BlockBeats news: On January 4, Jupiter co-founder SIONG posted on X discussing whether to stop JUP buybacks. He mentioned that over $70 million was spent on JUP buybacks last year, but the price did not change significantly. Instead, this $70 million could be used to provide growth incentives for both existing and new users.


Regarding the discussion on "whether to stop JUP buybacks," Solana co-founder Anatoly Yakovenko suggested that it would be best to store profits in the form of "protocol assets that can be claimed in the future." Users could lock and stake their tokens for one year to earn token rewards. As the balance sheet grows, stakers would receive greater returns.

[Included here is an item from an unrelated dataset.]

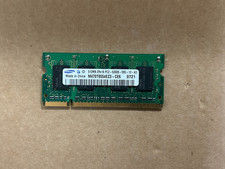Samsung Laptop Memory M470T6554EZ3-CE6 512MB 2Rx16 PC2-5300S-555-12-A3 RAM picture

Multicoin co-founder Kyle Samani agrees with the core idea of Anatoly Yakovenko, but believes the mechanism needs further optimization. Traditional stocks have no effective way to reward long-term holders. Crypto teams should find ways to allocate a disproportionate share of value to long-term holders.


Jordi Alexander, founder of Selini Capital, said, "Adjusting the buyback amount based on price is a good approach. When the price is low, more buybacks should be made as much as possible, because this can significantly reduce the supply. When the market is overheated, the pace should be slowed down. Some founders are more accustomed to traditional stock buyback decisions made by the CEO/management team, who can conduct buybacks at their discretion. However, if transparency, predictability, or legal issues are the primary concerns, a more decentralized protocol can achieve this in a programmatic way. A simple method is to use a calculated price-to-earnings ratio (P/E), and each protocol can design its own P/E-based buyback mechanism according to its specific situation."


KOL fabiano.sol in the Solana ecosystem stated, "The reason buying back JUP isn't working is that people currently have no reason to hold JUP. I believe the correct approach should be to first give people a reason to hold the token, and then proceed with buybacks after that need is fulfilled. Buybacks and burning remain one of the best deflationary mechanisms, but they require time. Currently, 50 million JUP (approximately $10 million) is distributed quarterly as staking rewards, and Jupiter uses 50% of its revenue to buy back JUP and deposit it into Litterbox, repurchasing $10–20 million worth of JUP each quarter. A potential alternative would be to use this $10 million for staking rewards instead of buying back JUP. At the current price, this could generate around 25% APY, which is highly attractive. Although this isn't a direct deflationary mechanism, I believe it would be more beneficial for the token's price than simple buybacks."